What to do: Below are records with pictures. Transcribe exactly, and only, the lines from the line with "Quinta da Bacalhoa Red,2012" to the line with "Al Fresco Drop", both ends included, but not the pictures.

Source data:

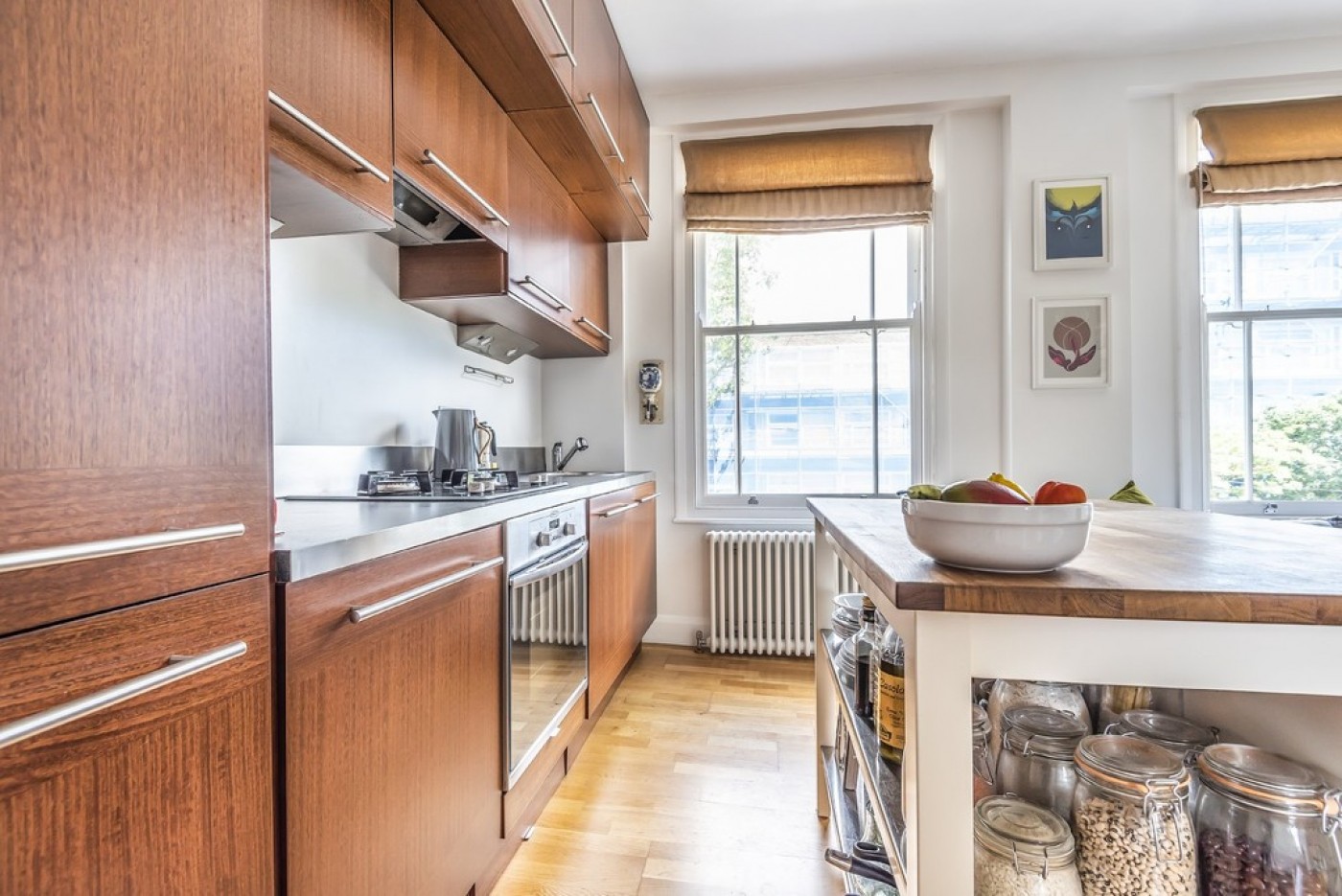 Images for Regina Road N4 3PT EAID:931013c273837aec744cf2e7889cb460 BID:1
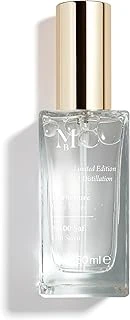 Limited Edition Saf Gül Suyu 50 Ml ürün görseli 1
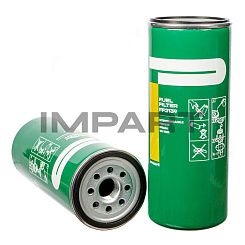 FF2139 Фильтр топливный литой PROFI / WK 9058 / P550625 / FF5624 PROFI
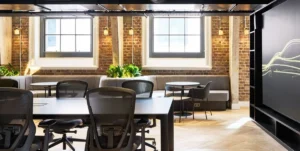 MeetingRoom 300x151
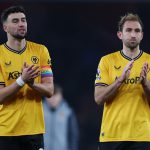 Premier League: Wolverhampton không phải cái tên dễ bị khuất phục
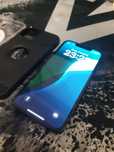 Iphone 13 mini 128gb kondycja baterii 100%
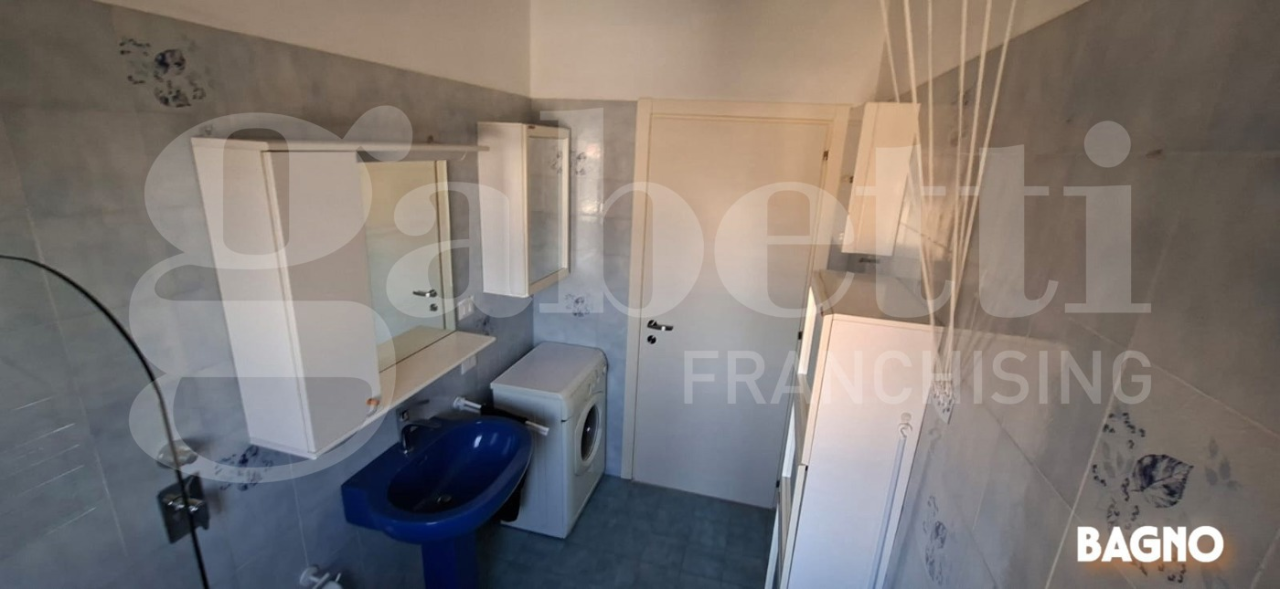 Appartamento - Image 16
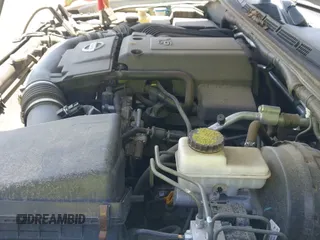 ✅ 2019 Nissan Frontier SV • VIN: 1N6AD0ER2KN753127 • Lot: 42346565. Listed on IAAI with 66,944 mi. Free auction sales archive from the USA and detailed vehicle history report at DreamBid. Image 25.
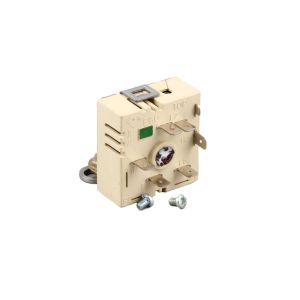 INFINITE SWITCH 120V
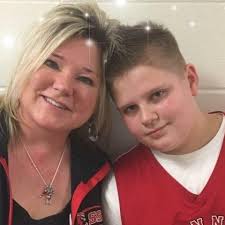 Fundraiser for Jodi DeRoos Horalek by Meagan Moriston : Jodi's fight  against cancer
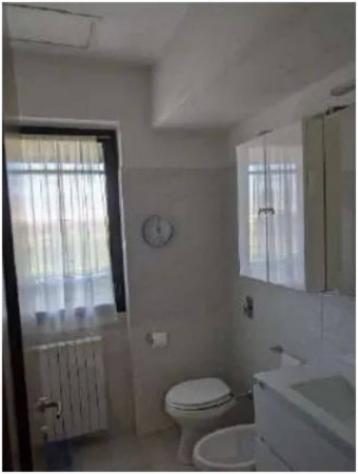 Immobile in asta di 476 m² in vendita a Voghera - Foto 12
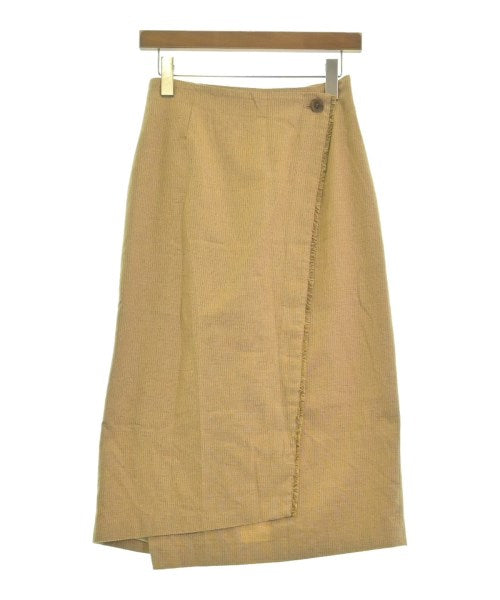 GALLARDA GALANTE กระโปรงยาว/แม็กซี่ยาว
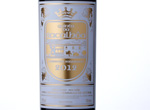 Quinta da Bacalhoa Red,2012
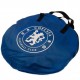 Chelsea FC Pop Up Target Goal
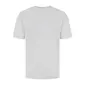ppeeqq Merino T-Shirt Lightweight by Woolpan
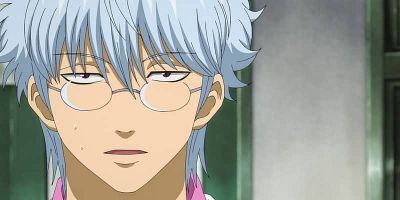 poster de la série Même si on change d'apparence, on reste les mêmes à l'intérieur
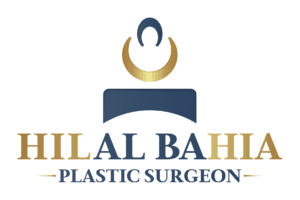 breast reduction scotland 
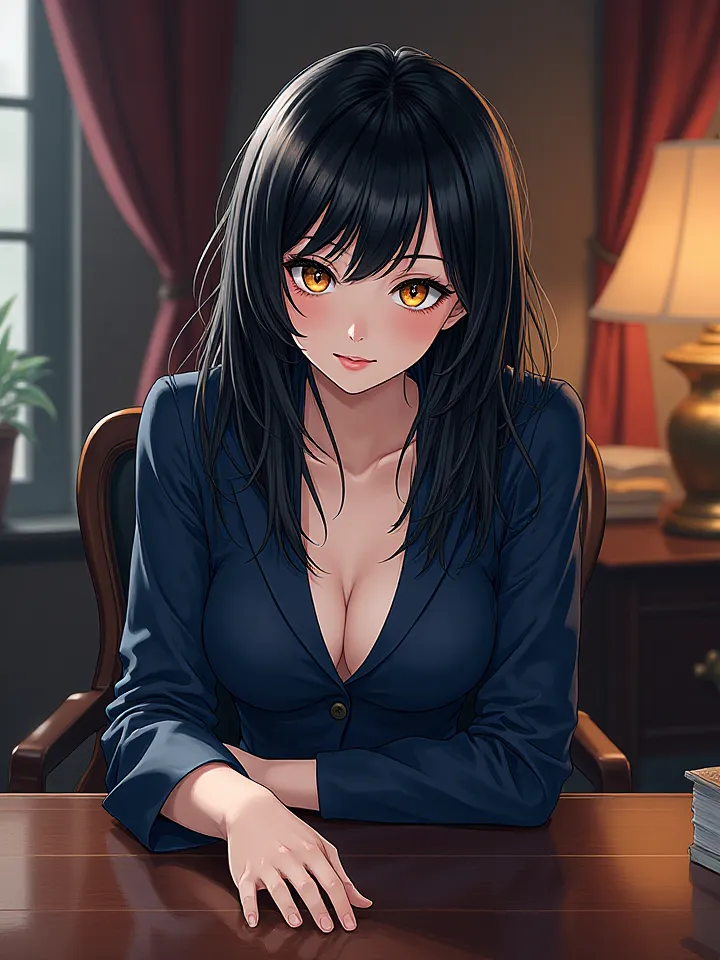 Thumbnail of Парвати Мукерджи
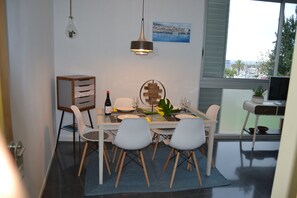 Lobby - Terrassa De Mar Apartament (Masnou)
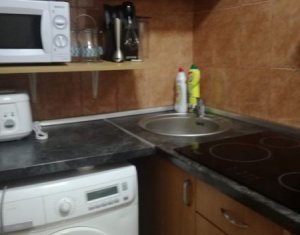 Apartment 1 rooms for sale in Cluj-napoca, zone Marasti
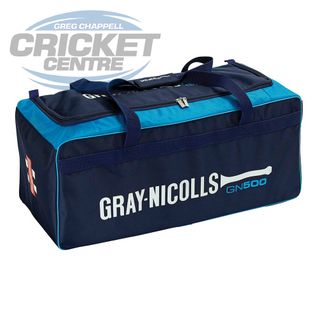 GRAY-NICOLLS 500 CARRY BAG
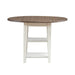 Al Fresco Drop Leaf Table - homePLUS (Binghamton, NY)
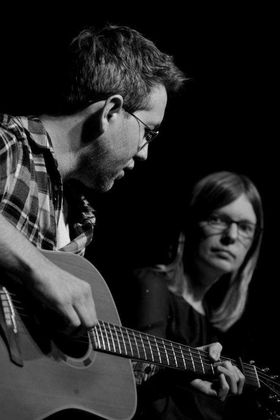 The Sound Lounge (@soundloungecic) on Twitter photo Tickets are available now for @DickPhilpot's #Americana Kinda Thing on Wednesday September 13th from 7pm. This month, Dick will welcome Melanie Crew and Ross Palmer to the <a href="/soundloungeCIC/">The Sound Lounge</a> stage. Tickets are #artforall FREE: ticketweb.uk/event/dick-phi… Tickets are available now for @DickPhilpot's #Americana Kinda Thing on Wednesday September 13th from 7pm. This month, Dick will welcome Melanie Crew and Ross Palmer to the <a href="/soundloungeCIC/">The Sound Lounge</a> stage. Tickets are #artforall FREE: ticketweb.uk/event/dick-phi…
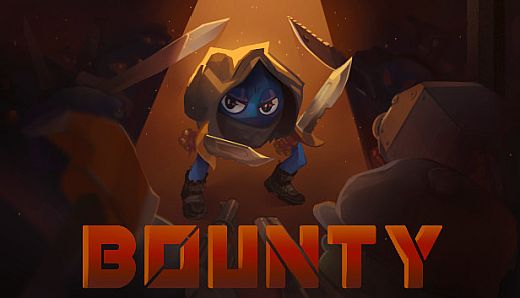 Bounty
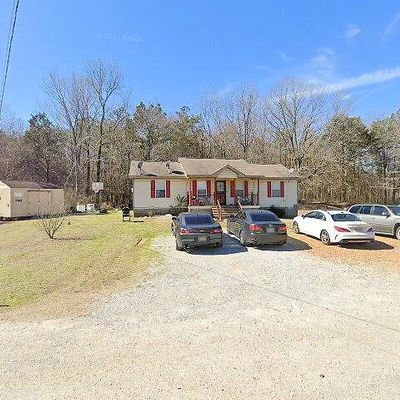 67 Richland Rd, Byhalia, MS 38611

Solution to this task:
 Quinta da Bacalhoa Red,2012
 Chelsea FC Pop Up Target Goal
ppeeqq Merino T-Shirt Lightweight by Woolpan
 poster de la série Même si on change d'apparence, on reste les mêmes à l'intérieur
 breast reduction scotland 
 Thumbnail of Парвати Мукерджи
 Lobby - Terrassa De Mar Apartament (Masnou)
 Apartment 1 rooms for sale in Cluj-napoca, zone Marasti
 GRAY-NICOLLS 500 CARRY BAG
 Al Fresco Drop Leaf Table - homePLUS (Binghamton, NY)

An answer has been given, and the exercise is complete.